I remember distinctly the first time I saw a sales pitch deck that framed the customer journey as progressing up a maturity model. The vendor was New Relic and their maturity model for application performance management looked something like this:
- Level 0: You know your website is down when customers angrily Tweet at the CEO and in turn the CEO angrily calls you. An animated GIF of cash being set on fire represents lost revenue. Our time is consumed by firefighting; don’t talk to me about anything strategic.
- Level 1: You’re notified automatically that a service interruption exists, but identifying the root cause remains a hair-pulling exercise. A lot of what we’re doing is reactive and feels harder than it should be.
- Level 2: When something goes wrong you’re directed immediately to the root cause. Incidents happen but we’re able to resolve them quickly.
- Level 3: You can measure and understand application performance from the user’s browser all the way to the infrastructure layer, regardless of what’s in between. We know exactly what impacts performance and can take proactive steps to avoid incidents and scale.
Having presented this, the sales rep asked a simple question: “Where would you place yourself today, and where do you need to be tomorrow?”
This is a powerful tool for prospect/seller alignment, and the answer should influence how you engage from that point forward, including whether to focus on value or differentiation. For example, you wouldn’t waste time explaining the value of application performance management to a prospect that self-identified as level 2; instead, you’d focus on articulating how you’re differentiated by offering a path to level 3.
The job of sales is to convince prospects that your company is best positioned to move them to the required maturity level, and the job of customer success is to deliver on this promise, and ultimately to move customers to ever-higher levels of maturity. Marketing sits on top, creating programs and content that support and are aligned with these maturity levels. Product extends differentiation by building for the next level of maturity.

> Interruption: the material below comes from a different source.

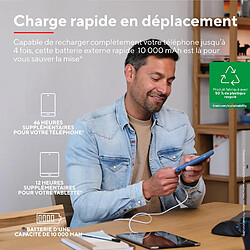 SANAG Redoh Batterie Externe 10000Mah Charge Rapide 20W, Pd 18W Usb-C, Qc 3.0 Usb, 50% Plastiques Recyclés, Câble Inclus, Power Bank Chargeur Iphone, Ipad, Samsung, Xiaomi, Tablette - Bleu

Imagine capturing the current maturity level for every prospect and customer in your CRM. You could then:
- Identify your most valuable market segment. For example, level 2 may have the highest ASP (more mature companies tend to be larger companies, which tend to spend more), but level 0 may have double the LTV:CAC (because it’s far less expensive to acquire).
- Tailor messaging based on lead maturity distribution. If you know that 70% of the leads generated by a certain marketing program are level 0, you can make the messaging for that campaign even more focused to better resonate with the audience.
- Pinpoint underserved customer segments. You may be doing great with level 0 (anything’s better than nothing!) and level 3 (enough internal expertise to make it work), but levels 1 and 2 are unhappy because the product is too hard or time consuming to use.
And so on.
When creating a new category, maturity models can help to explain why your unique capabilities aren’t valued as differentiators. Prospects may not be knowledgeable enough to understand them, or may understand them but know they’re far beyond their current needs. By creating product bundles that correspond to maturity levels and optimizing the user experience for each, you can balance vision with a product that gets the job done.
Industry associations increasingly are publishing their own maturity model, for example, CSA Research for localization and Corporate Legal Operations Consortium (CLOC) for legal operations. While it’s important to take these models into account, you need to create your own in order to shape the conversation and push the envelope of what it means to be mature. Your vision — not a collective — must define this.